Tips for Setting up a Vertical Wall Garden
If you have a small back yard, you can be torn about its landscaping. Do you create more outdoor living areas, or do you plant a vegetable and herb garden to make fresh produce for your kitchen? One way to resolve this dilemma is to go upwards and establish a wall garden. That way, you can reserve the horizontal ground for beautiful hardscape features such as a travertine paved patio. Here are some tips on setting up your vertical garden.
What Type of Structure
First, you need to consider what type of wall garden to build and how it will hold the plants. You could mount rows of pots in some way across the wall. By thinking creatively, you might come up with novel container ideas. For example, do you have old guttering or other objects which could be repurposed? Alternatively, you could hang a felt-pocket arrangement in which the plants nestle. A trellis mounted to the wall provides another traditional and attractive possibility, along which you can train climbing fruit and vegetable varieties.
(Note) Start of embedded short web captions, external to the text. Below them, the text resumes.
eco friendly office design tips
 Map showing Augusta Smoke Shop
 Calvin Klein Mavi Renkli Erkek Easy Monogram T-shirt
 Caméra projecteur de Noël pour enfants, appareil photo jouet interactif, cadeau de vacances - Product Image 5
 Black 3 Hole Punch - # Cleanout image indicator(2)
Before selecting your seeds and plants, consider the amount of sunlight the wall receives. Is it bathed in hours of the hot afternoon sun, or does it receive barely any? Additionally, different parts of the wall might experience more and less sunshine. To establish this, you'll probably need to wander outside to check on the sun's path at various times of the day. After working this out, select plants that will thrive in those conditions. Some herbs, for example, can flourish with less sun than many vegetables.
Plant Your Garden
Your plant choices not only depend on sunshine but on the structure you've set up. For a trellis, consider climbing plants such as passionfruit, berries, or grapes. For a pot array, you'll have different suitable plants to consider. You can make your vertical garden simple, with just a few handy herbs, or plant a variety of tasty and always-fresh vegetables and fruits for your table.
Don't forget about the water needs of your garden as well. If you're not able to reach the top containers, you might need to install an irrigation system consisting of a drip-feed tube, draped along the top. The water will seep downwards through the entire garden. As the top areas will tend to be drier than the bottom areas, select your plants wisely so that they'll enjoy their particular conditions, depending on their vertical position within the structure.